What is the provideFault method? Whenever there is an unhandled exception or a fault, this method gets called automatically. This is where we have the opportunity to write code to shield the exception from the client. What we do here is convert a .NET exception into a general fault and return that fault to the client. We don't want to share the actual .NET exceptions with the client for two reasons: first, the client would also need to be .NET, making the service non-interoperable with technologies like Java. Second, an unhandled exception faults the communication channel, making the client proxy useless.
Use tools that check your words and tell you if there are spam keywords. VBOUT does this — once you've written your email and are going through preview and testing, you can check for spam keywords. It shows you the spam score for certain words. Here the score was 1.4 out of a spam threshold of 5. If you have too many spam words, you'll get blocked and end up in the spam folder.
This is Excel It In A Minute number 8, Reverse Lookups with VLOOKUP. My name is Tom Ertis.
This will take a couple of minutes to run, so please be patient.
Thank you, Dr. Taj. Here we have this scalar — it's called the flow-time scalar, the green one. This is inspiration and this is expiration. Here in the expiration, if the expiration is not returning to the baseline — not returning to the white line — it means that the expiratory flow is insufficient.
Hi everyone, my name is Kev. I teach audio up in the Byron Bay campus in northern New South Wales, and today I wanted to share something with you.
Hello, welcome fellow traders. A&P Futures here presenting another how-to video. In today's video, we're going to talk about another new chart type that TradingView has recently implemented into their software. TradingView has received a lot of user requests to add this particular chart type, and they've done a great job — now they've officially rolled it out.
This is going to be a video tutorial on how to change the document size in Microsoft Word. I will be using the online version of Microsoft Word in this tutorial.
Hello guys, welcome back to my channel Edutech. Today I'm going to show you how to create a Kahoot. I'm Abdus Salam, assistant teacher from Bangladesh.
================================
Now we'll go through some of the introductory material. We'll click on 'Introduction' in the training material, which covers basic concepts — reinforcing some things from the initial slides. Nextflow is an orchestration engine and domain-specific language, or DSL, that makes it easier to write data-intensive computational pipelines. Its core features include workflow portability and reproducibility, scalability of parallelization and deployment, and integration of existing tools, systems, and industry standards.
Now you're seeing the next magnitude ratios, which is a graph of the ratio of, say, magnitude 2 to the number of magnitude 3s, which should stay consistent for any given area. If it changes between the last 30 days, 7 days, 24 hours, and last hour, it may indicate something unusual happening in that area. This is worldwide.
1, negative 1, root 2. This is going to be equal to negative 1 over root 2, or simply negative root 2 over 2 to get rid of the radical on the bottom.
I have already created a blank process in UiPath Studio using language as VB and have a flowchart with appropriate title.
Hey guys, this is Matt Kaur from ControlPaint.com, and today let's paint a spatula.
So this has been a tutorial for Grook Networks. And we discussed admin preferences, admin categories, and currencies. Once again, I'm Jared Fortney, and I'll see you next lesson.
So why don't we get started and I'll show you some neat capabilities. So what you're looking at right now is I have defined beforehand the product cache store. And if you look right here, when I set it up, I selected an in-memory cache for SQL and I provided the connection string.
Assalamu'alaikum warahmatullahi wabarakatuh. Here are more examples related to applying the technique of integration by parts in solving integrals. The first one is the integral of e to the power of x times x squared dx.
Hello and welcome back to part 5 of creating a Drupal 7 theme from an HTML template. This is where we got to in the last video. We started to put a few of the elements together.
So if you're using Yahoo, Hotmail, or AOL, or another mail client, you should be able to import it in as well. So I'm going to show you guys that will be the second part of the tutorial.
================================
Directions for this task ::
Return, with no change at all, every line in the entries above from the line containing "What is the" through the line containing "This is going to be a".

Answer to this exercise ::
What is the provideFault method? Whenever there is an unhandled exception or a fault, this method gets called automatically. This is where we have the opportunity to write code to shield the exception from the client. What we do here is convert a .NET exception into a general fault and return that fault to the client. We don't want to share the actual .NET exceptions with the client for two reasons: first, the client would also need to be .NET, making the service non-interoperable with technologies like Java. Second, an unhandled exception faults the communication channel, making the client proxy useless.
Use tools that check your words and tell you if there are spam keywords. VBOUT does this — once you've written your email and are going through preview and testing, you can check for spam keywords. It shows you the spam score for certain words. Here the score was 1.4 out of a spam threshold of 5. If you have too many spam words, you'll get blocked and end up in the spam folder.
This is Excel It In A Minute number 8, Reverse Lookups with VLOOKUP. My name is Tom Ertis.
This will take a couple of minutes to run, so please be patient.
Thank you, Dr. Taj. Here we have this scalar — it's called the flow-time scalar, the green one. This is inspiration and this is expiration. Here in the expiration, if the expiration is not returning to the baseline — not returning to the white line — it means that the expiratory flow is insufficient.
Hi everyone, my name is Kev. I teach audio up in the Byron Bay campus in northern New South Wales, and today I wanted to share something with you.
Hello, welcome fellow traders. A&P Futures here presenting another how-to video. In today's video, we're going to talk about another new chart type that TradingView has recently implemented into their software. TradingView has received a lot of user requests to add this particular chart type, and they've done a great job — now they've officially rolled it out.
This is going to be a video tutorial on how to change the document size in Microsoft Word. I will be using the online version of Microsoft Word in this tutorial.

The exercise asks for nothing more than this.